Так вот, баня. Пока я мылась, братья стучали в окно, торчали у него и подглядывали. Уверена, в этом не было сексуального подтекста, скорее просто желание меня позлить. Когда настала их очередь мыться, разумеется, я сделала то же самое: подглядывала, стучалась к ним и всячески мешала. Это увидел дед, выходящий из дома. Не раздумывая, он сразу перешел на повышенный тон, и я, хоть убей, не помню, что он говорил, потому что мне было жутко страшно, так что я даже немного описалась, но помню лишь, что посыл заключался в том, что я веду себя как развратная, падшая девица. Мне, на минутку, было 10 или 11 лет.
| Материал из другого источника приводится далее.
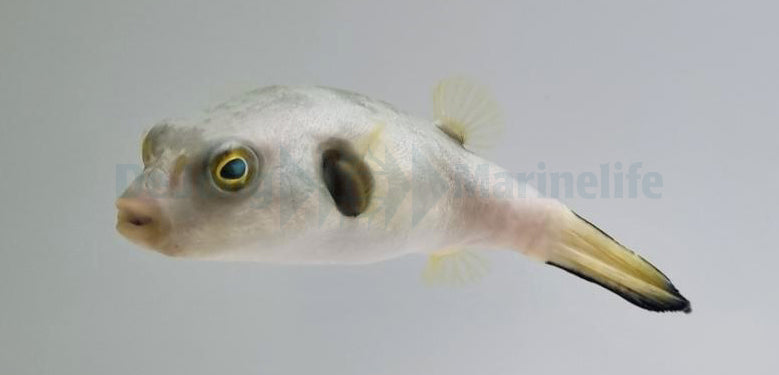 Arothron immaculatus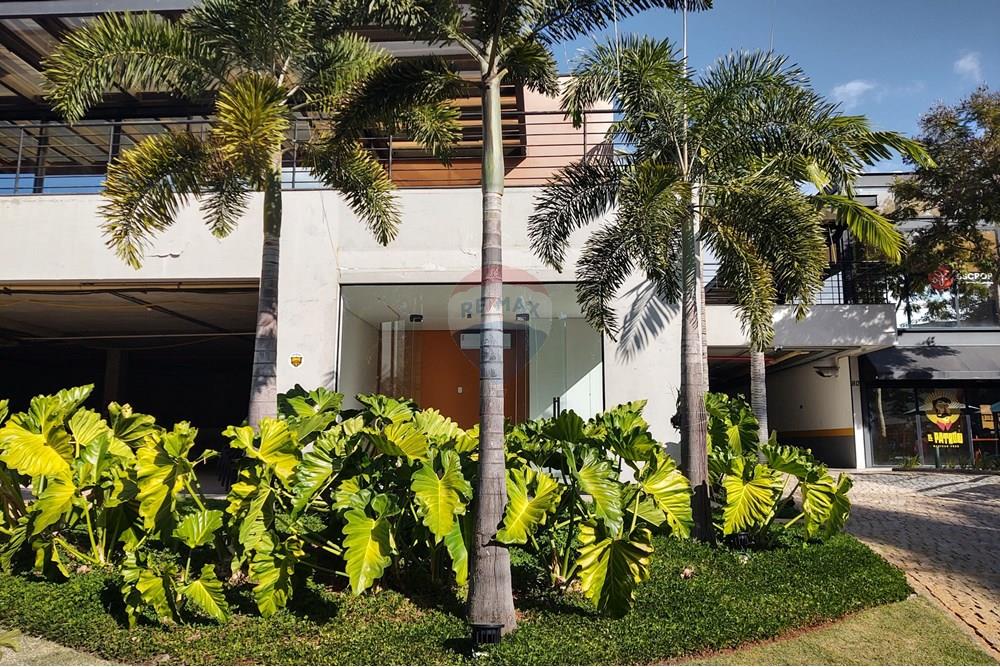 Ponto Comercial/ Loja - Alugar - Campinas , São Paulo - IMG_20250611_143720503_HDR.jpg - 690181001-414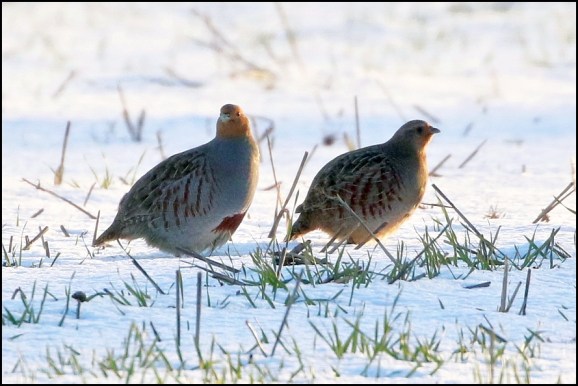 Grey Partridges 020219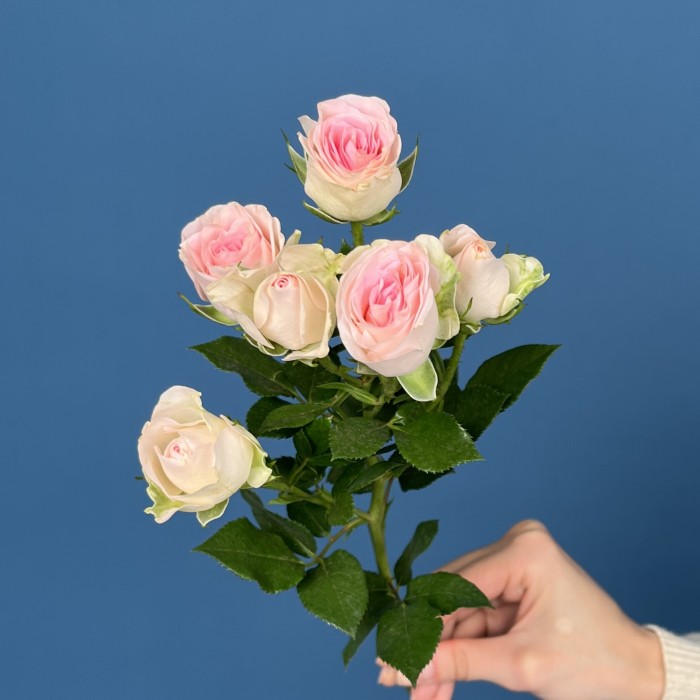 Кустовая роза Гуд Муд 40 см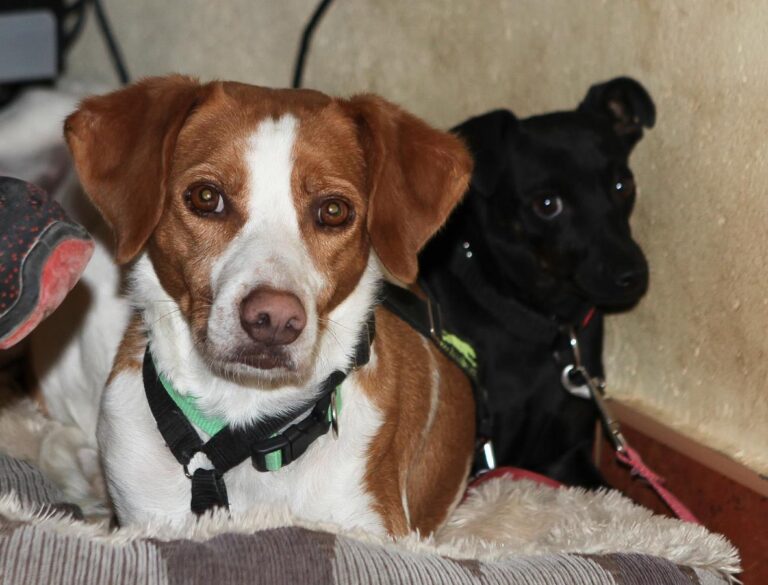 multimedia-foto66240-842-3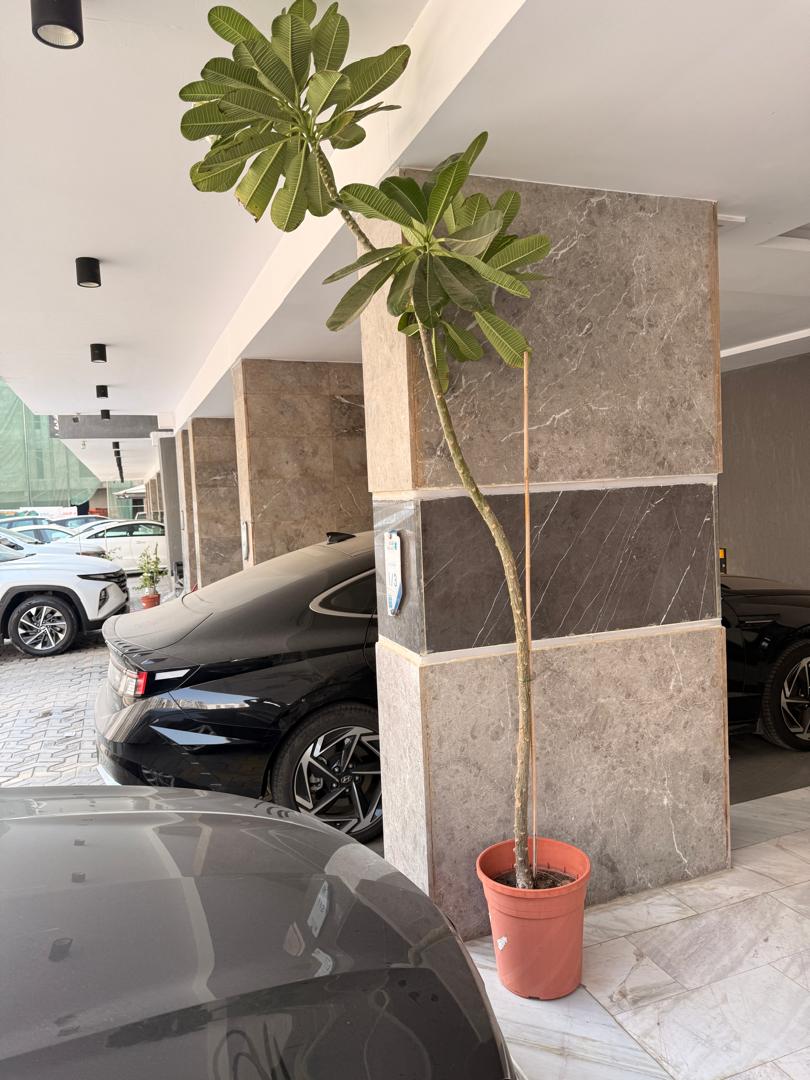 مشروع الأصائل 40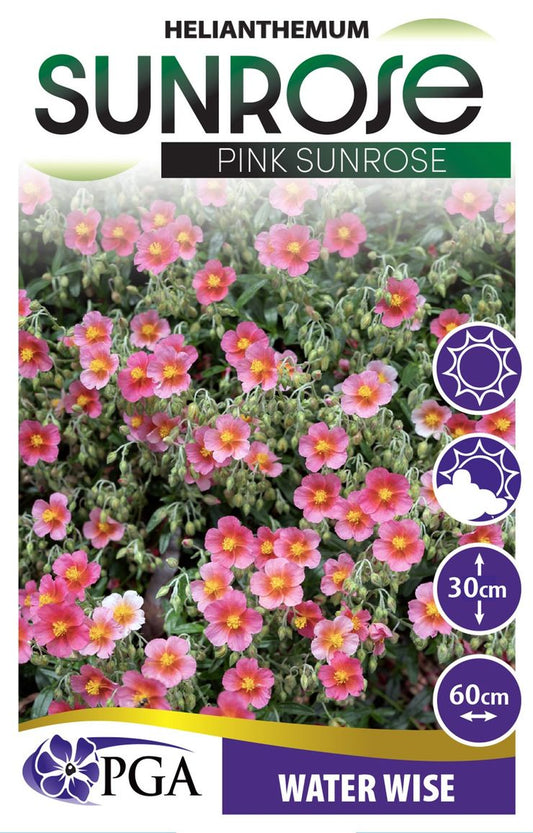 Helianthemum ‘Pink Sunrose’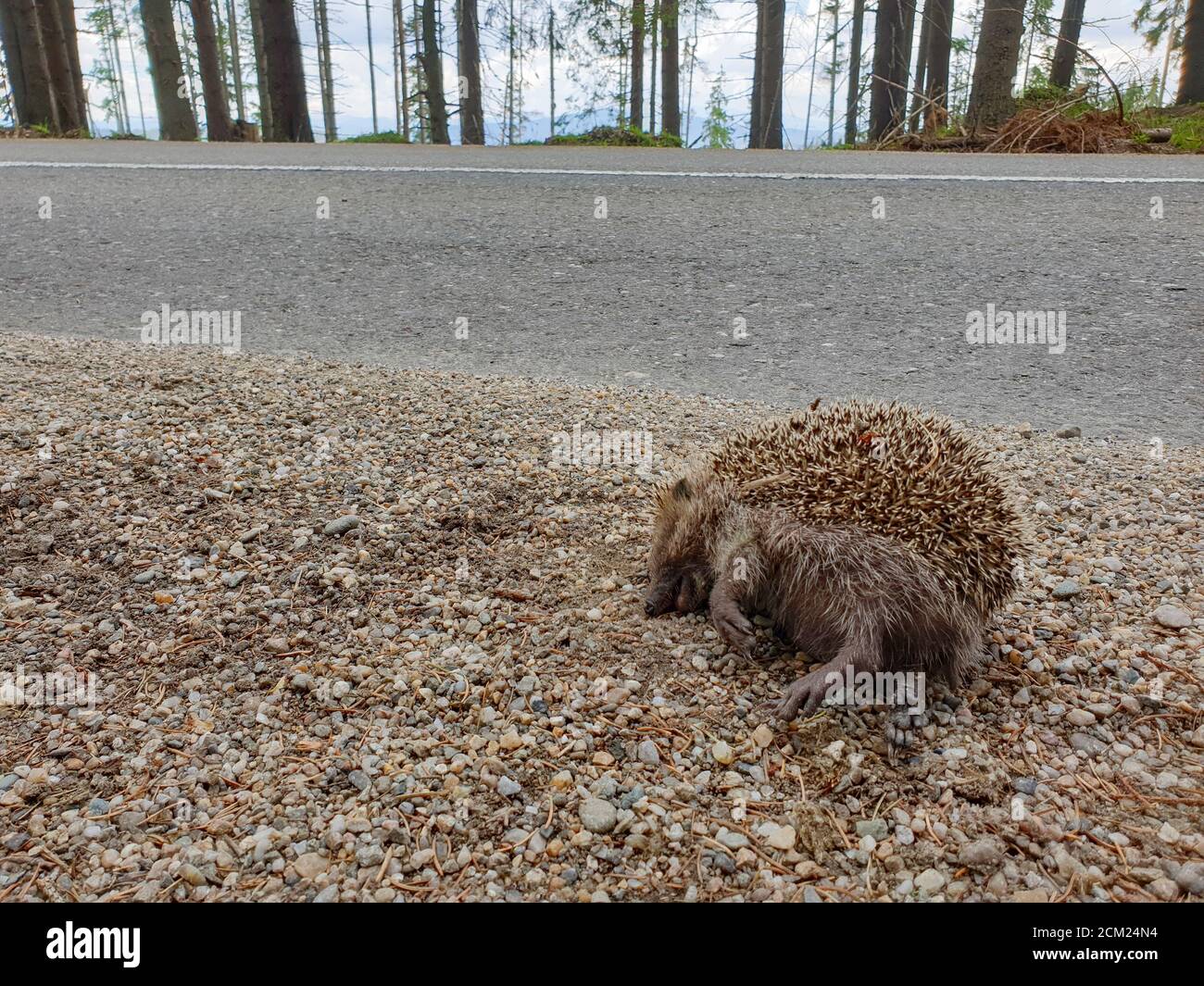 Dead wild hedgehog killed by car in nature. Roadkill animal victim of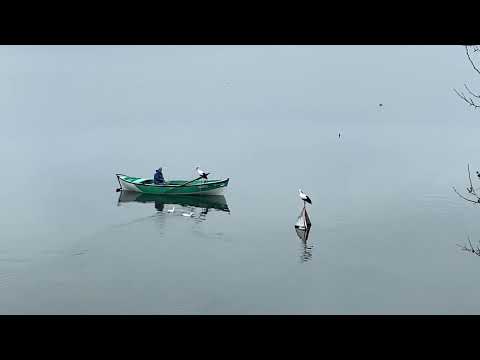 Adem Amca, Yaren ve Nazlı ve ördekler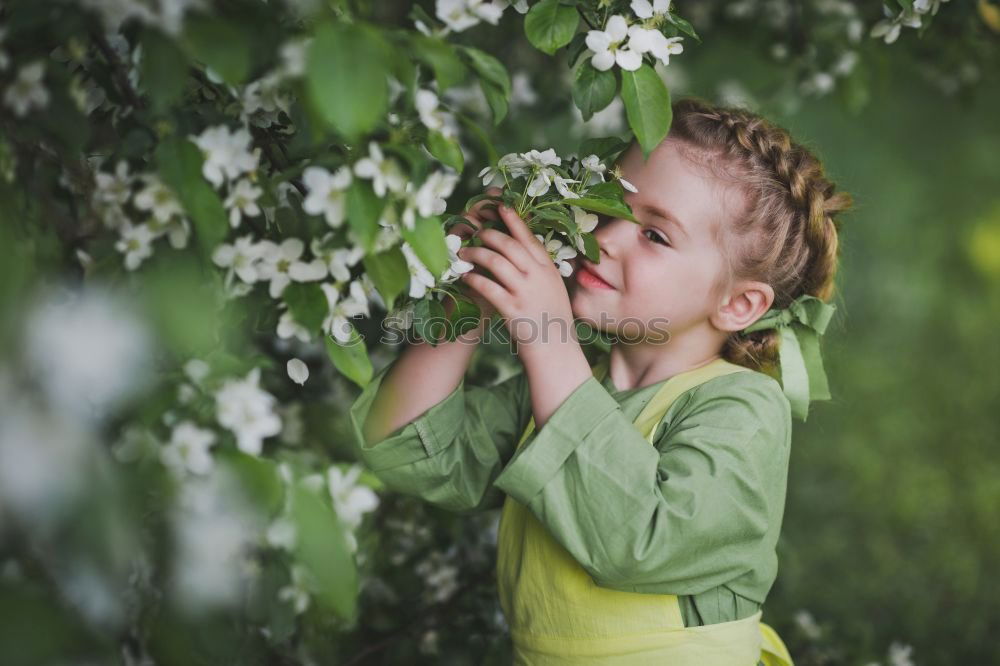 Similar – . Frucht Apfel Bioprodukte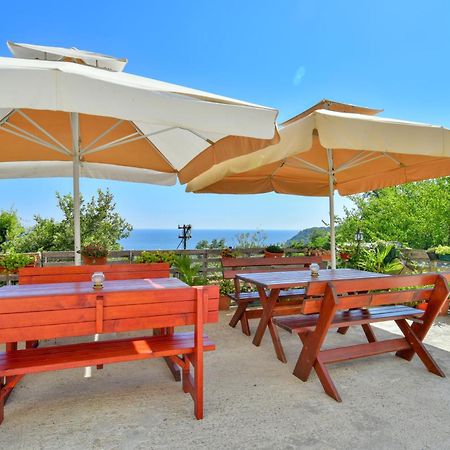 Pataki Studios Petrovac Екстер'єр фото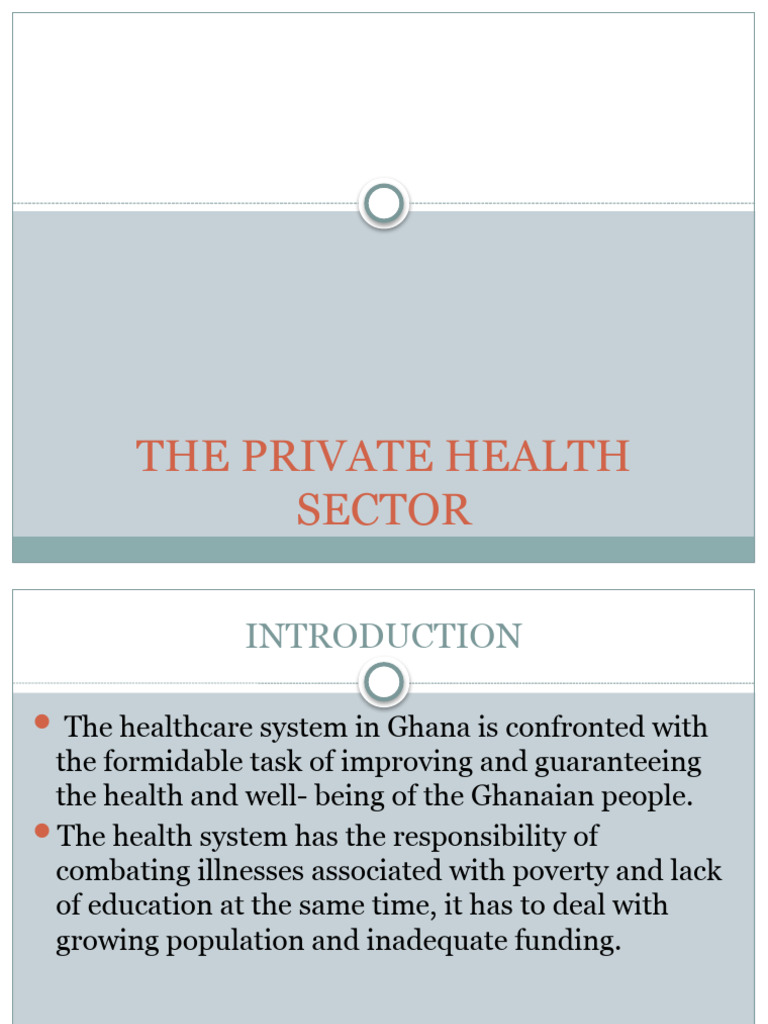 The Private Health Sector | PDF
Я анализирую это событие сегодняшним мозгом и понимаю, что, скорее всего, у деда были комплексы, травма, связанные с пониманием гендерных ролей, нравственности у мужчин и женщин и всего остального. Лично я бы просто посмеялась и сказала: «Иди спать», понимая, что это дети. Дед этого не понимал, у него были свои взгляды, принципы, страхи, тревоги, деление женщин на падших и святых.